Start of Given records
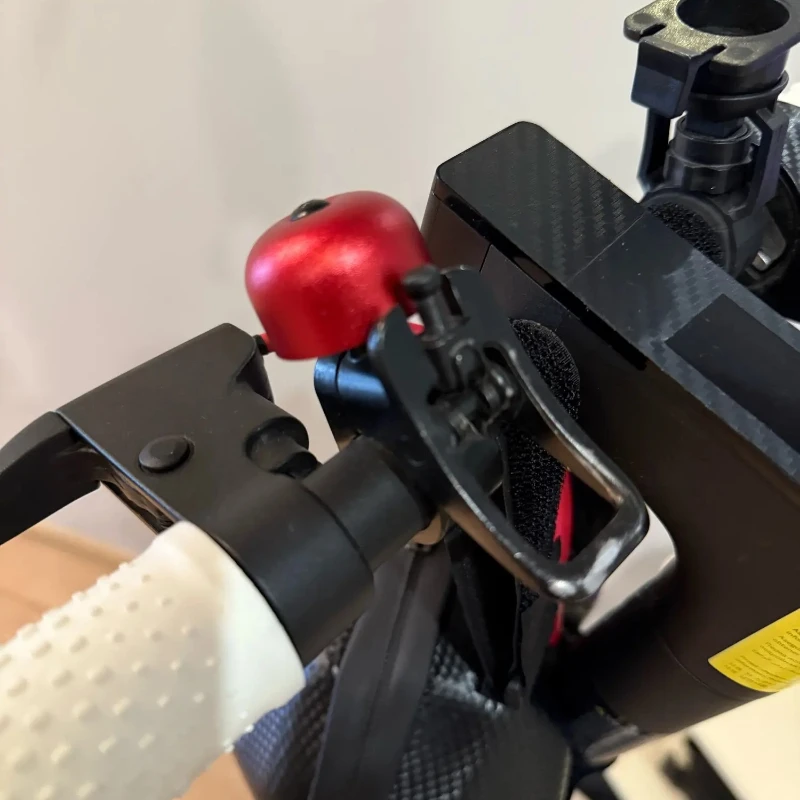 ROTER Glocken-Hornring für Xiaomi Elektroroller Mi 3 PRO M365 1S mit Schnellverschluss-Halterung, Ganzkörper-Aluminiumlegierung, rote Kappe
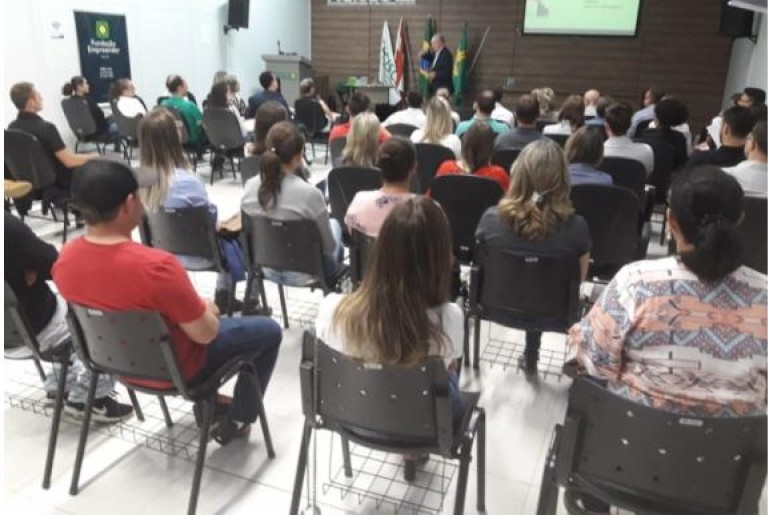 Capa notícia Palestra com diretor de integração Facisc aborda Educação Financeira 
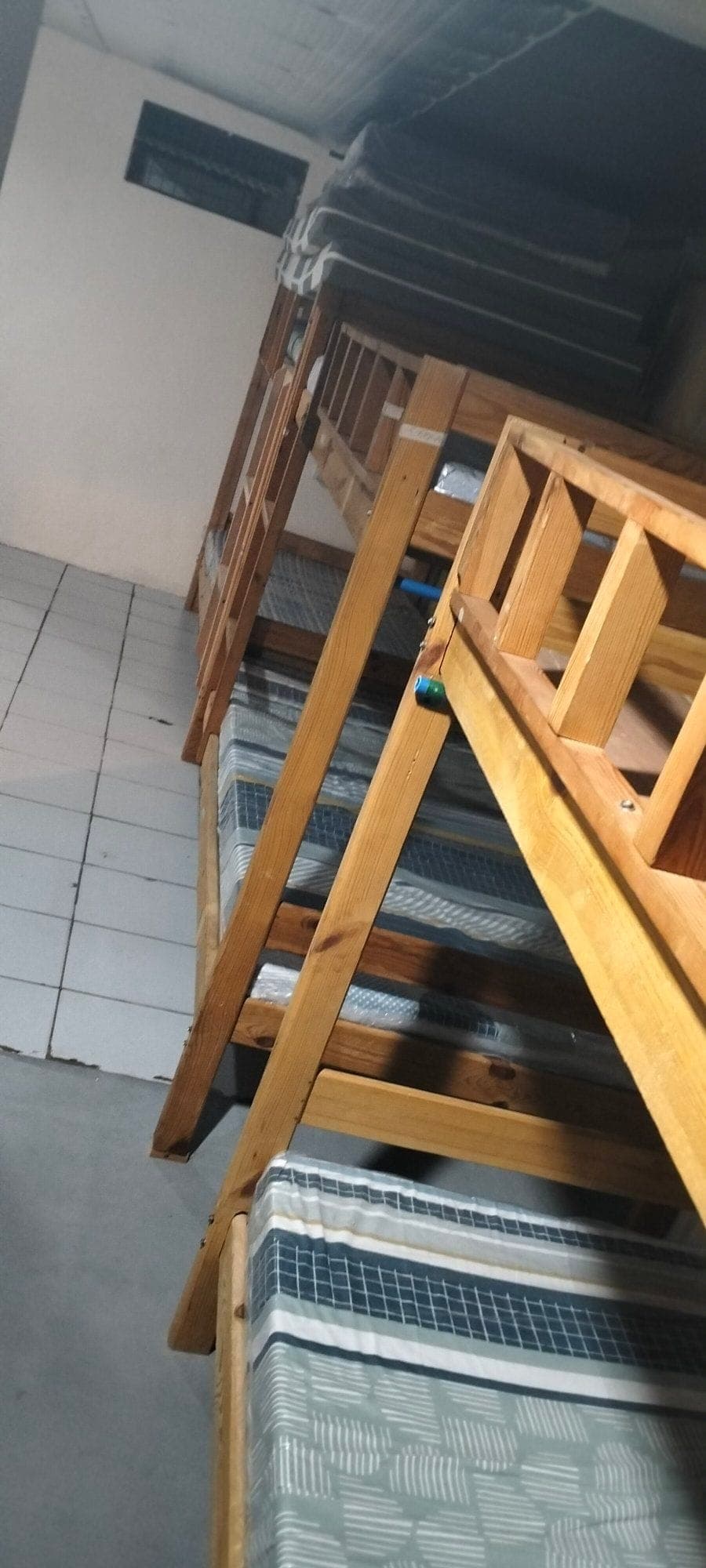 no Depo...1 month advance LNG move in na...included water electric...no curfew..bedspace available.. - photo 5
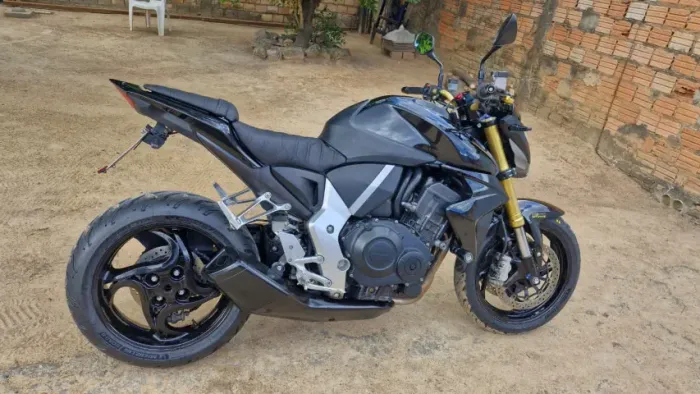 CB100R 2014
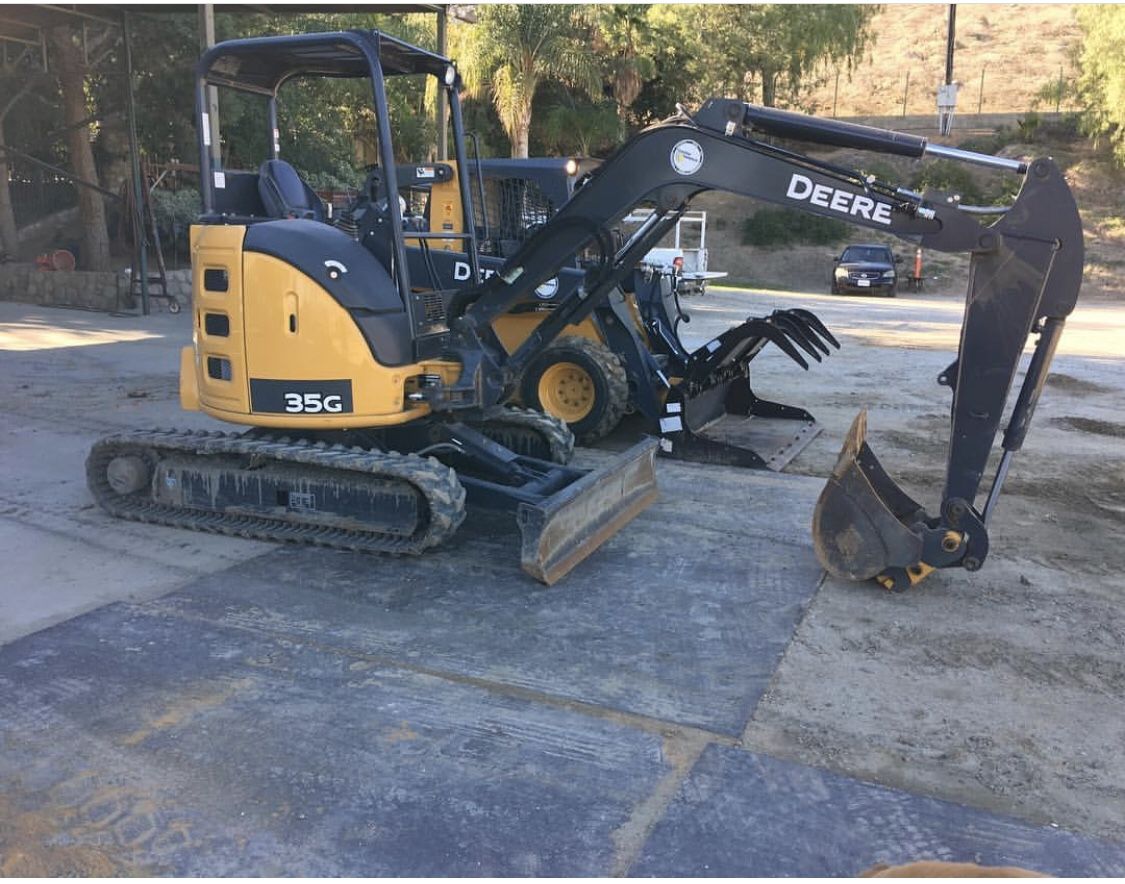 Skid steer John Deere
End of Given records
Assignment: First drop every picture, then print the data above exactly as it stands.

Worked solution:
 ROTER Glocken-Hornring für Xiaomi Elektroroller Mi 3 PRO M365 1S mit Schnellverschluss-Halterung, Ganzkörper-Aluminiumlegierung, rote Kappe
 Capa notícia Palestra com diretor de integração Facisc aborda Educação Financeira 
 no Depo...1 month advance LNG move in na...included water electric...no curfew..bedspace available.. - photo 5
 CB100R 2014
 Skid steer John Deere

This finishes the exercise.